Write out, word for word and with no pictures, each line below from the one containing "This is Bass" through the one containing "Your friend is", both included, and no other line.

Segment Start: INPUT MATERIAL

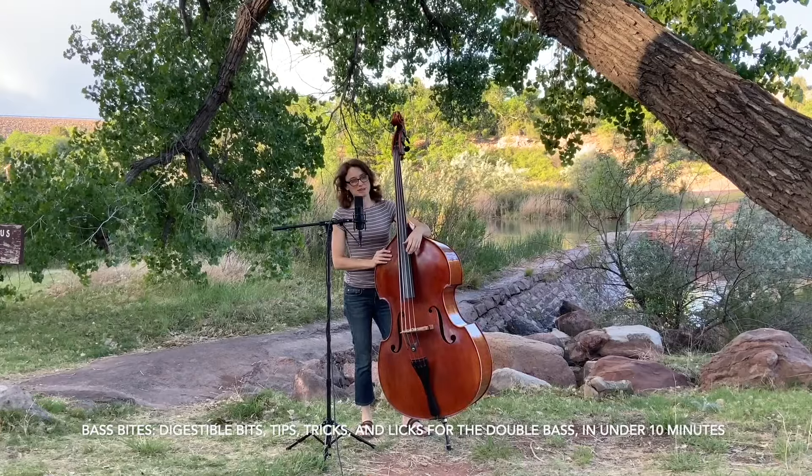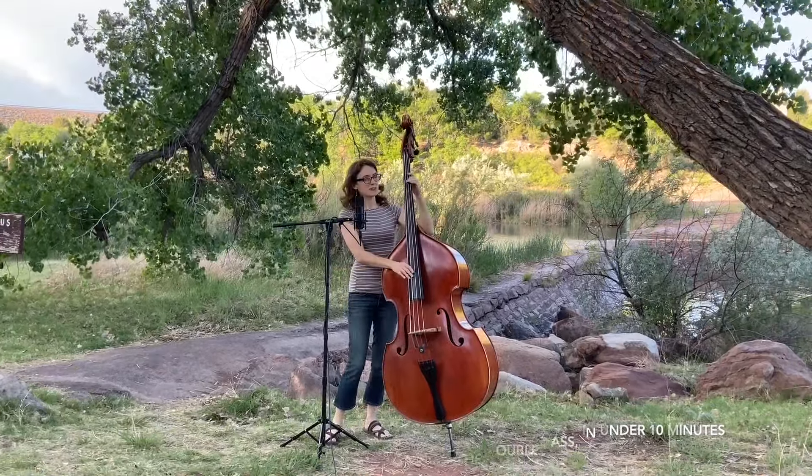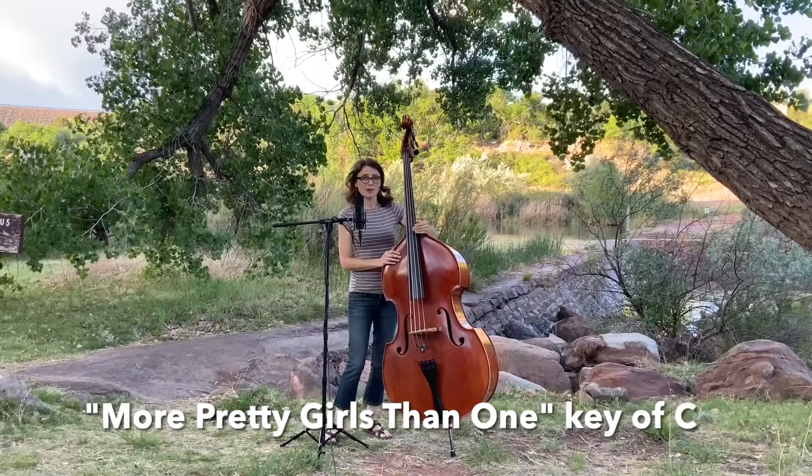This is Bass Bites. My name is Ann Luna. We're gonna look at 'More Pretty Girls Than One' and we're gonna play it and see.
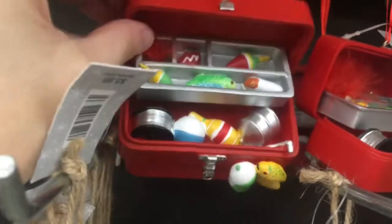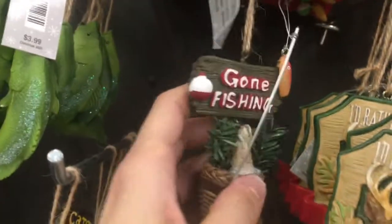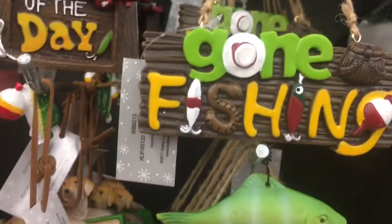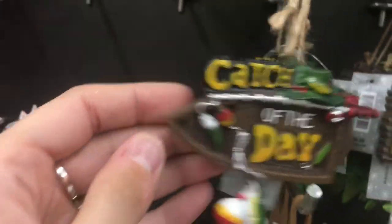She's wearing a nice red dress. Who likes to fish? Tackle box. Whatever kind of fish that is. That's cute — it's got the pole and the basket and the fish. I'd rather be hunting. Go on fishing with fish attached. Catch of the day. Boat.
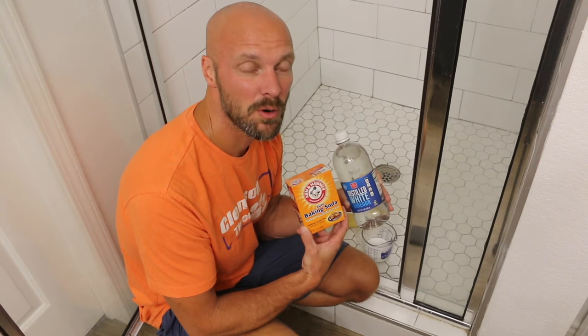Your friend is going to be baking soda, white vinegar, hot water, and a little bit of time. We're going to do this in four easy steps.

Segment End: INPUT MATERIAL
Segment Start: INPUT MATERIAL

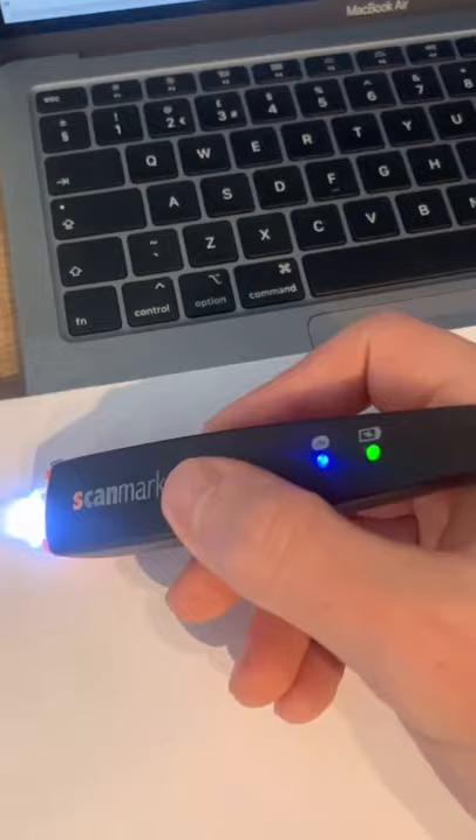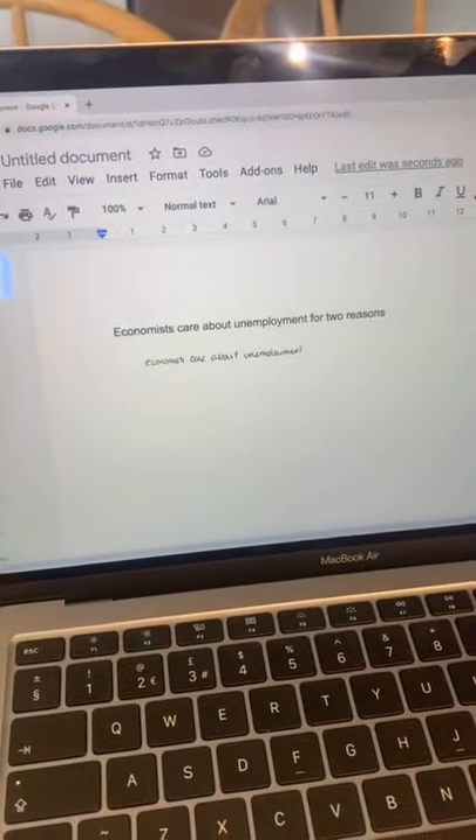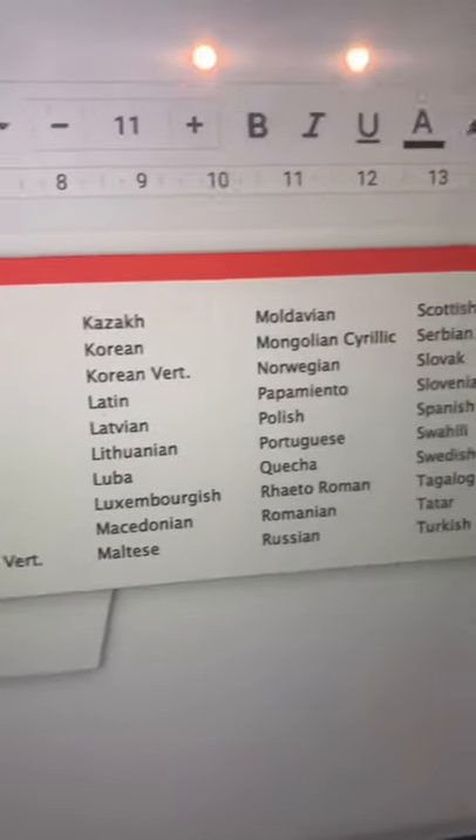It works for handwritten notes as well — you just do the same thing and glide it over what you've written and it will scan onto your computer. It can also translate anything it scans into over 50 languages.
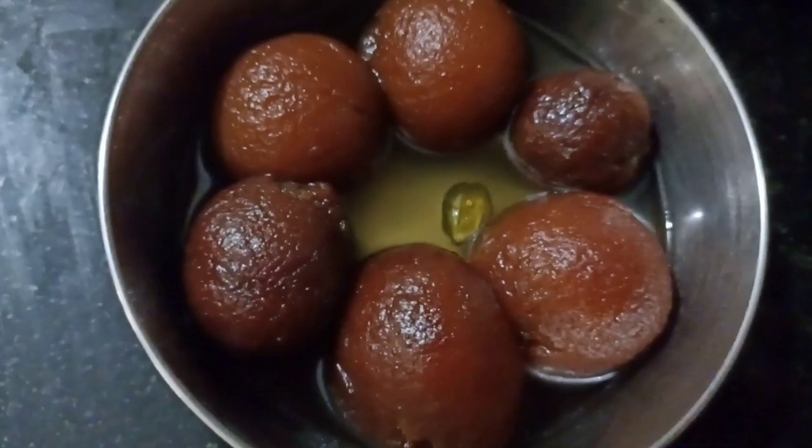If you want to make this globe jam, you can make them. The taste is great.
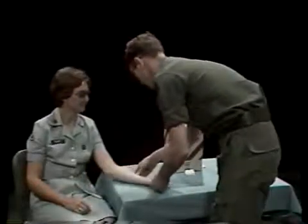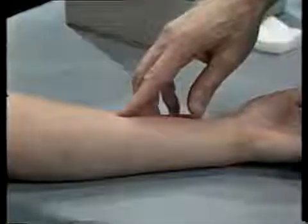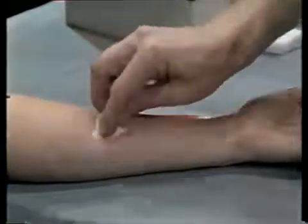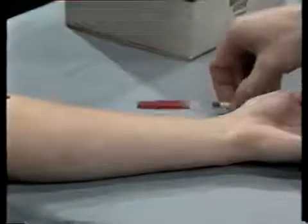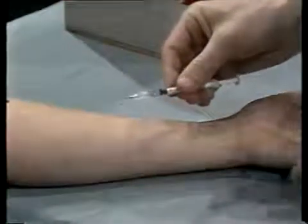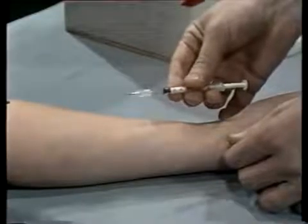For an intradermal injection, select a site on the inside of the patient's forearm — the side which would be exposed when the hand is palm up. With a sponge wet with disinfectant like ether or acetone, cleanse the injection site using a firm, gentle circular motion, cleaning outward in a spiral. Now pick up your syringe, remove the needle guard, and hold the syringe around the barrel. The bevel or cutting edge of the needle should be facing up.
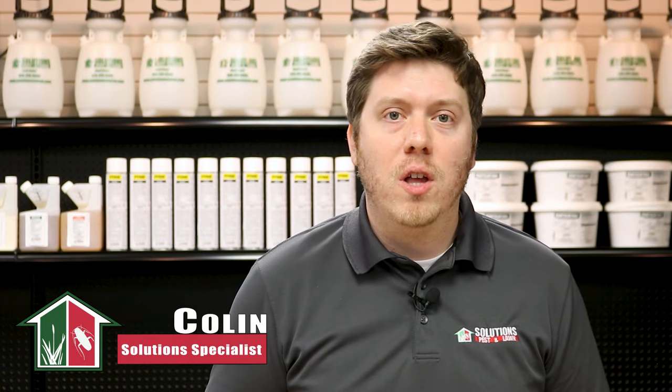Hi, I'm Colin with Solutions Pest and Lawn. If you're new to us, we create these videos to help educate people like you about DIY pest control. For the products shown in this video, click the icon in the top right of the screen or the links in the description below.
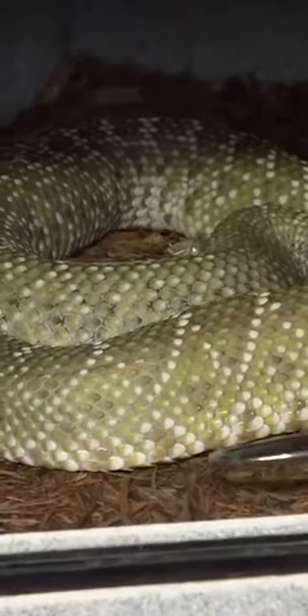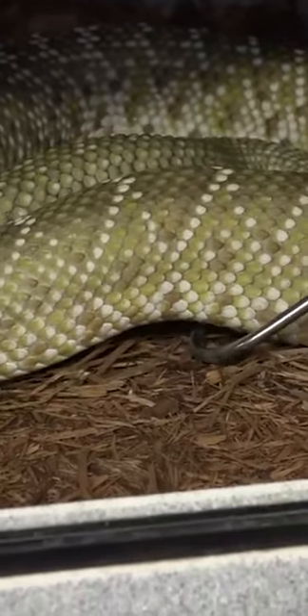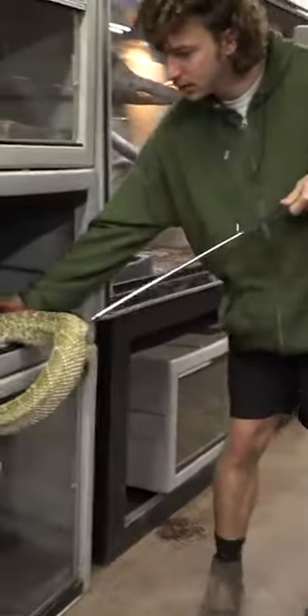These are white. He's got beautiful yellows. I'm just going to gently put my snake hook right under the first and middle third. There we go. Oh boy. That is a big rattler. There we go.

Segment End: INPUT MATERIAL

## SOLUTION TO THIS TASK
This is Bass Bites. My name is Ann Luna. We're gonna look at 'More Pretty Girls Than One' and we're gonna play it and see.
She's wearing a nice red dress. Who likes to fish? Tackle box. Whatever kind of fish that is. That's cute — it's got the pole and the basket and the fish. I'd rather be hunting. Go on fishing with fish attached. Catch of the day. Boat.
Your friend is going to be baking soda, white vinegar, hot water, and a little bit of time. We're going to do this in four easy steps.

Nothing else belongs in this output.